▶ **Problem details**: Leaving out all pictures, repeat exactly the lines from the one that holds "3201 Arlene Way" to the last line of the entries below.

▶ **Records for processing**:

┄┄┄┄┄┄┄┄┄┄

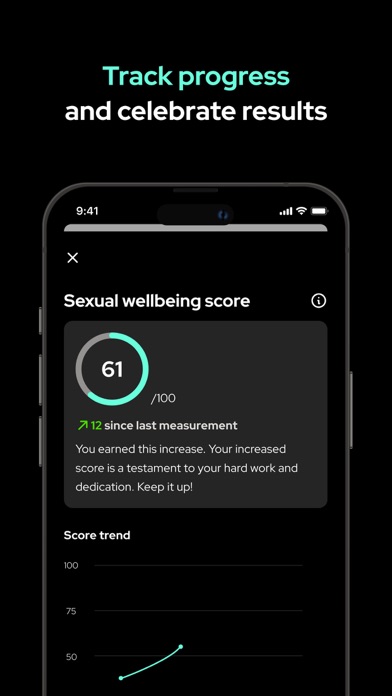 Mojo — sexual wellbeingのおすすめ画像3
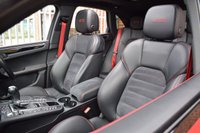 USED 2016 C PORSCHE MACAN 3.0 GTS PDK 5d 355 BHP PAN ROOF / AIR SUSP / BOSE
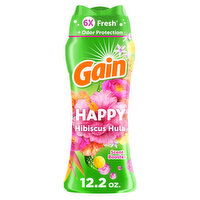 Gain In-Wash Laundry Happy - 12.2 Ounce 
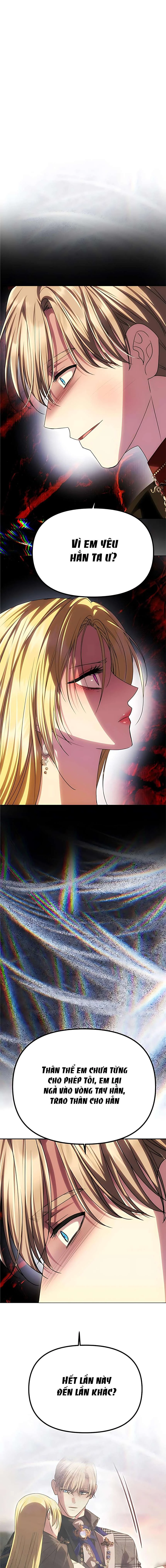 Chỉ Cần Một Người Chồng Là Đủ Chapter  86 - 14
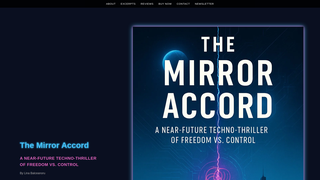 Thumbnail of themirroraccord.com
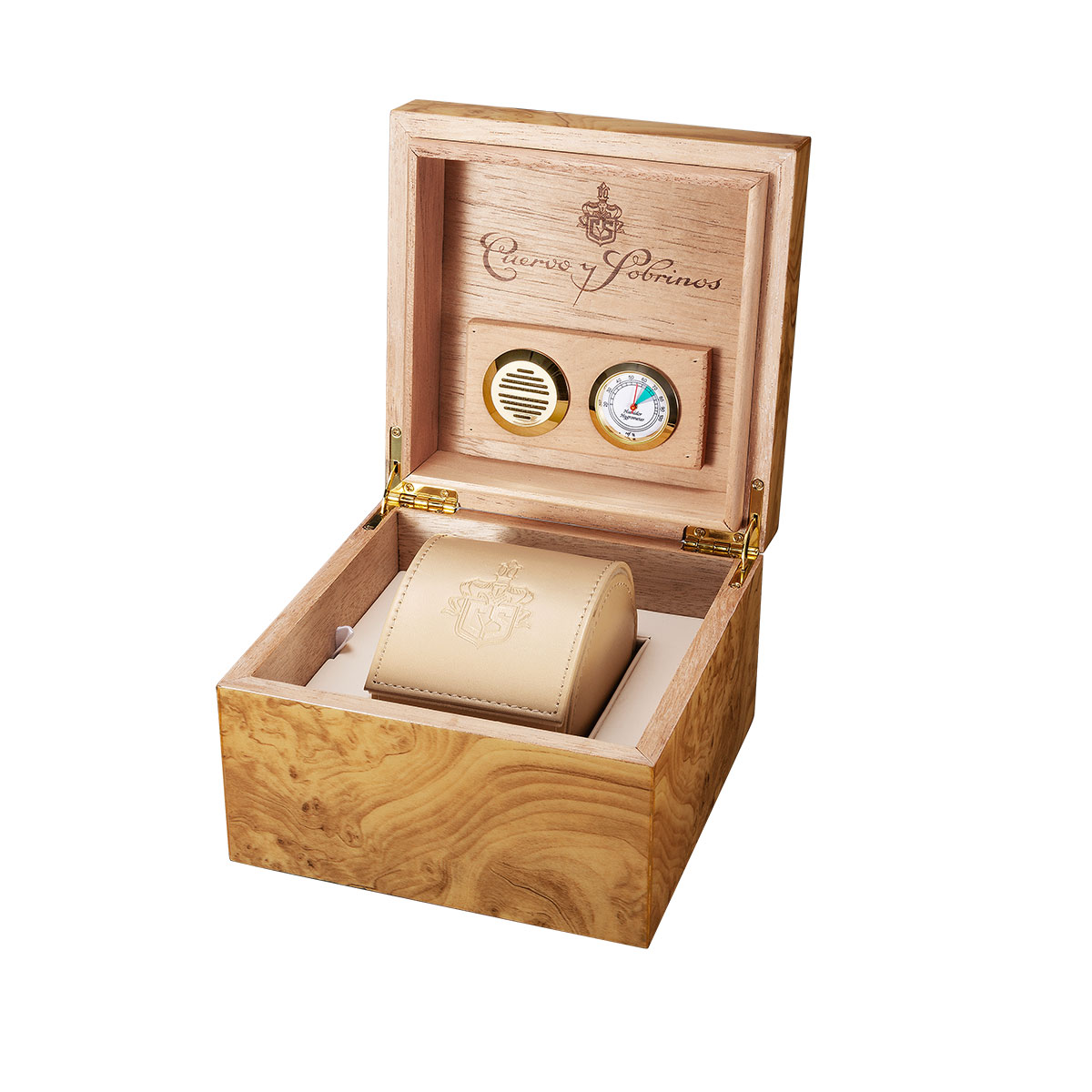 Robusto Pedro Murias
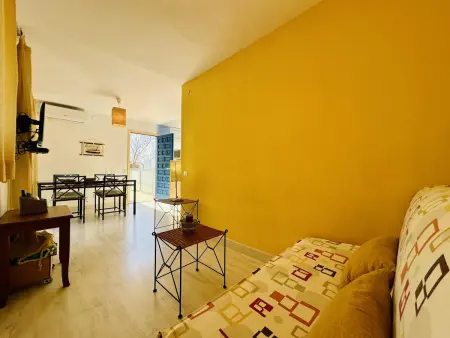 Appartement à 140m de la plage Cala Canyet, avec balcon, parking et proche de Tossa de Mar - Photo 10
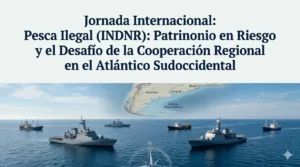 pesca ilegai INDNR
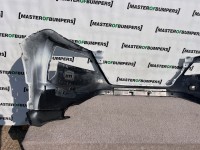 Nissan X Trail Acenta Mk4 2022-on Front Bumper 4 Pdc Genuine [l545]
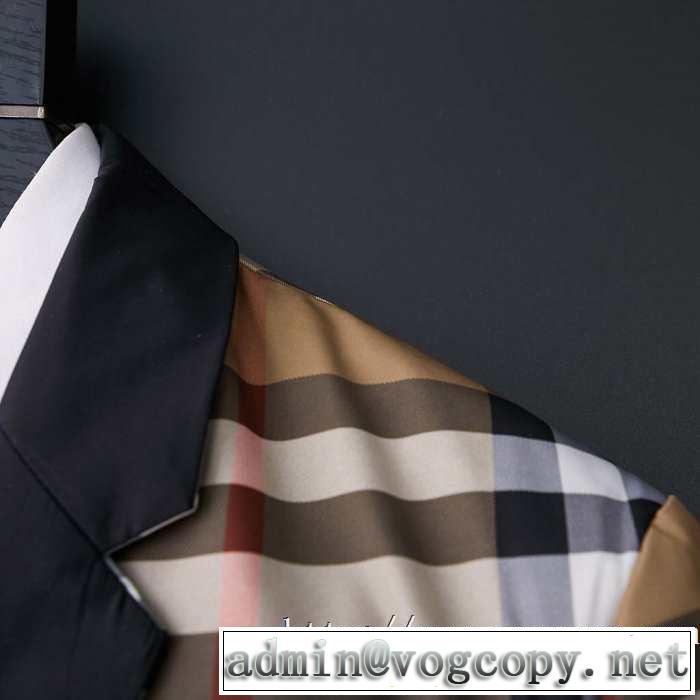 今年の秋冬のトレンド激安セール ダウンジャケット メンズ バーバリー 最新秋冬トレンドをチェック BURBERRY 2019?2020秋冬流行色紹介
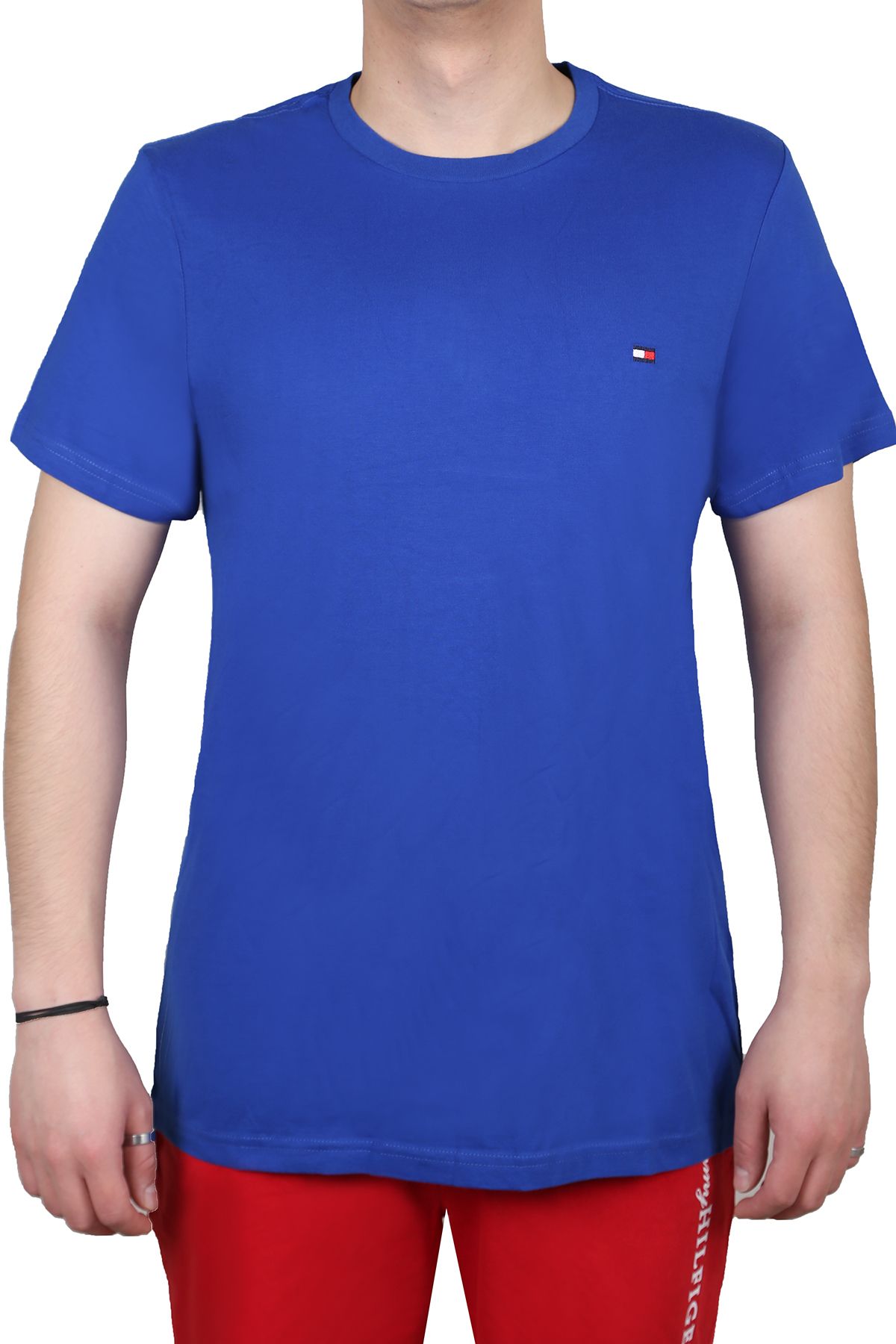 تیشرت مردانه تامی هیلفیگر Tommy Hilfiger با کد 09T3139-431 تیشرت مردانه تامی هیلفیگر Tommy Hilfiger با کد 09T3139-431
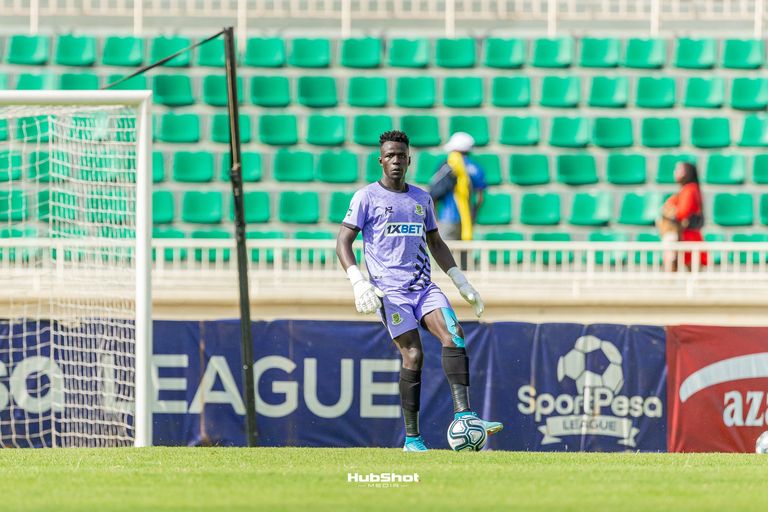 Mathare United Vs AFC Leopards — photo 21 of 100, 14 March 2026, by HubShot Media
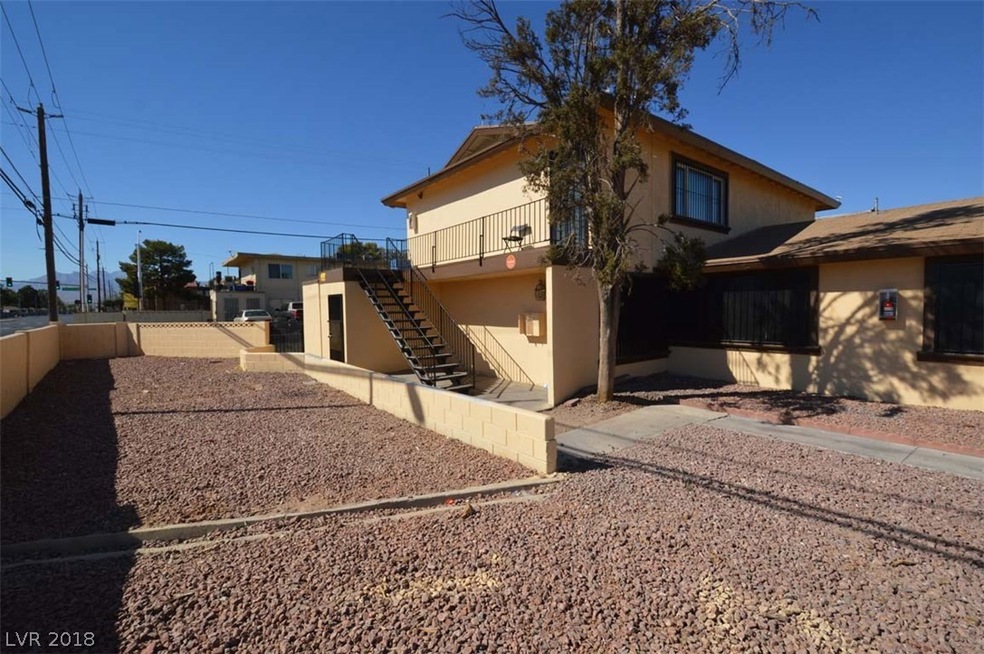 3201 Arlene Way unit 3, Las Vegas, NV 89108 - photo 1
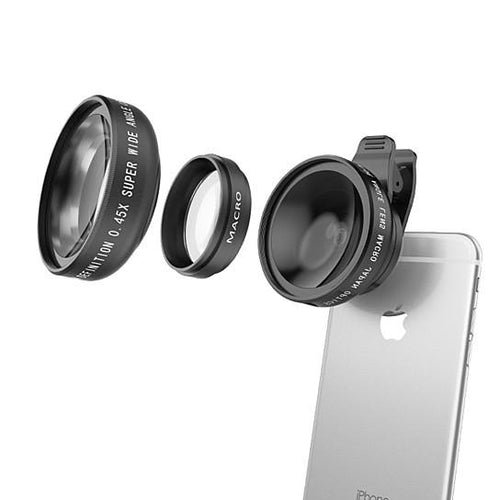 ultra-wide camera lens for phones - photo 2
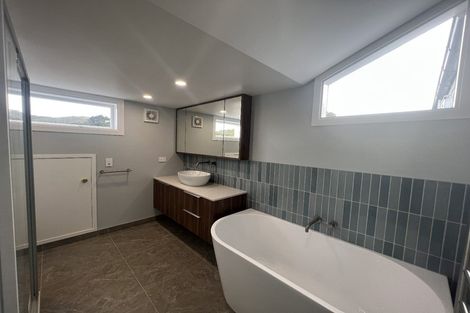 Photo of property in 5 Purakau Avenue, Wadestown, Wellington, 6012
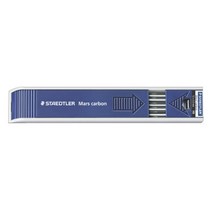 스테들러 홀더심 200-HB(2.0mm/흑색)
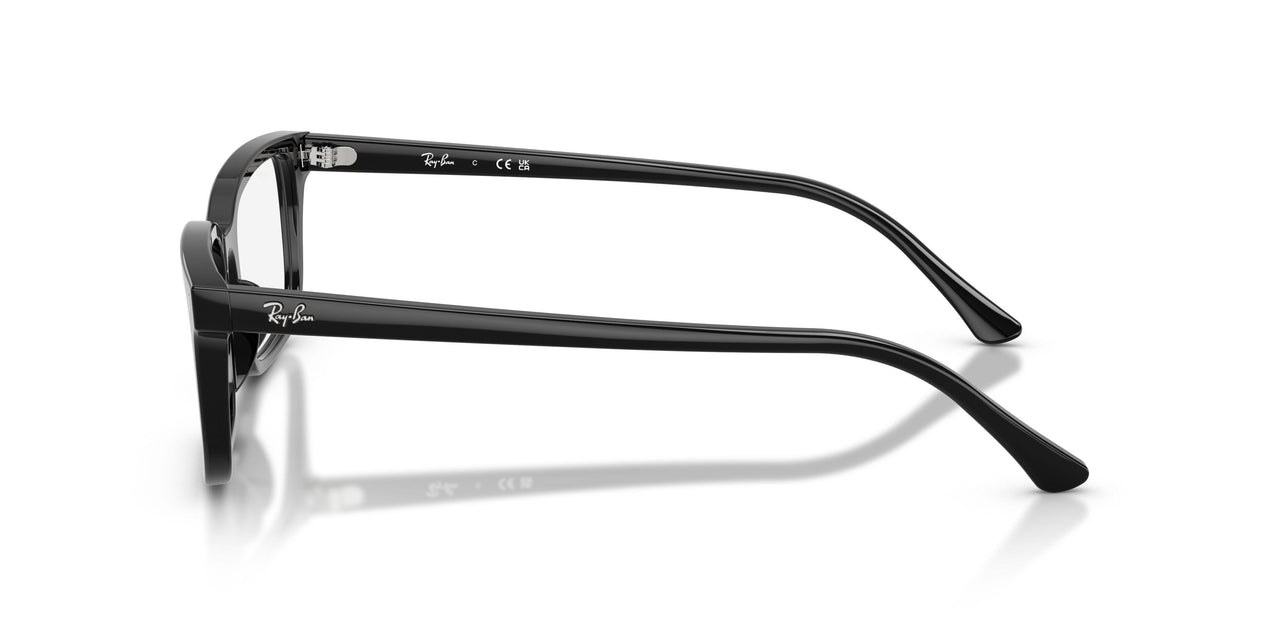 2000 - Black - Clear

┄┄┄┄┄┄┄┄┄┄

▶ **Solved problem**:
 3201 Arlene Way unit 3, Las Vegas, NV 89108 - photo 1
 ultra-wide camera lens for phones - photo 2
 Photo of property in 5 Purakau Avenue, Wadestown, Wellington, 6012
 스테들러 홀더심 200-HB(2.0mm/흑색)
 2000 - Black - Clear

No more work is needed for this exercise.